Nel caso della Francia, il dazio andrebbe a colpire principalmente il settore dei vini fermi su un valore di 1,3 miliardi di dollari (vale a dire il 20% dell’import agroalimentare di origine francese). In questo caso, Trump ha risparmiato sia lo Champagne che i formaggi transalpini mentre ha “bastonato”, al di fuori dell’agroalimentare, le esportazioni dei grandi aerei commerciali (10% di dazio su 3,5 miliardi di dollari di import), “casus belli” della disputa in corso tra le due sponde dell’Atlantico.

Per la Spagna, il valore dei propri prodotti inseriti nella lista incide per ben il 35% sul totale delle importazioni agroalimentari spagnole negli USA, con olio d’oliva e vino più penalizzati.

In merito al Regno Unito, la quasi totalità dei propri prodotti esportati negli Usa soggetti a nuovi dazi attiene agli spirits e, in particolare al whisky anche se nella lista viene specificato che l’import di questo prodotto sarà “tassato” solo in quota parte e non su tutto l’ammontare.

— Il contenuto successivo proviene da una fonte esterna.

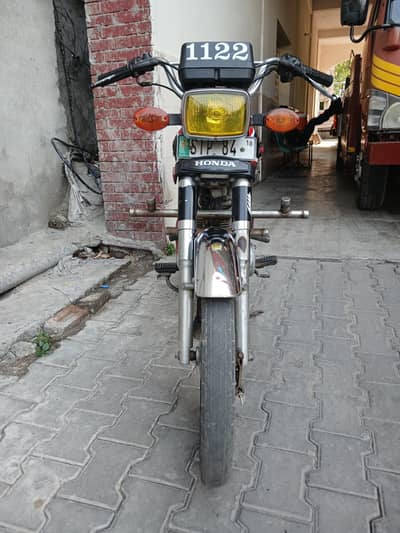CG125 2016 model black colour for sale in sialkot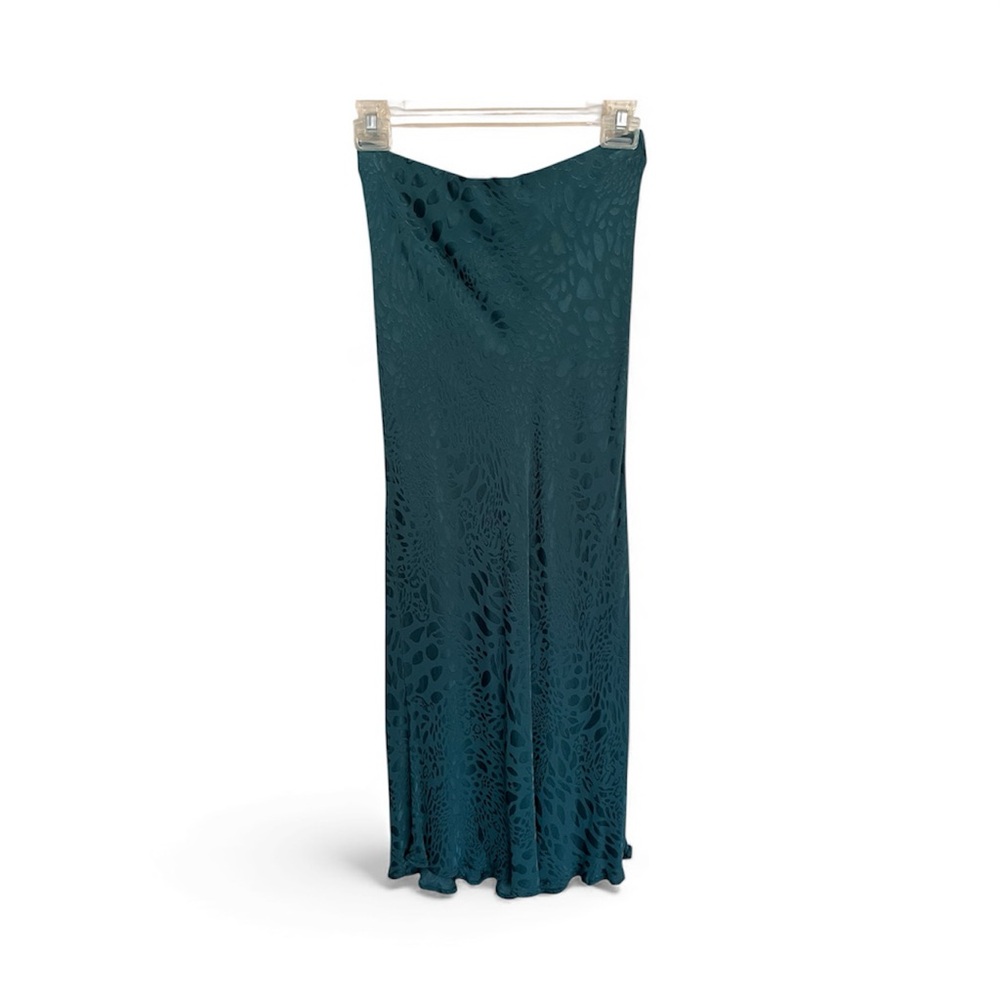 🐊 Green animal print skirt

Va comunque segnalato che, nel 2018, l’import americano di Scotch Whisky è stato di ben 1,6 miliardi di dollari che, unito agli altri prodotti di origine britannica inseriti nella lista, conducono ad una potenziale incidenza delle esportazioni soggette a nuovi dazi di oltre il 60% sul totale degli scambi agroalimentari.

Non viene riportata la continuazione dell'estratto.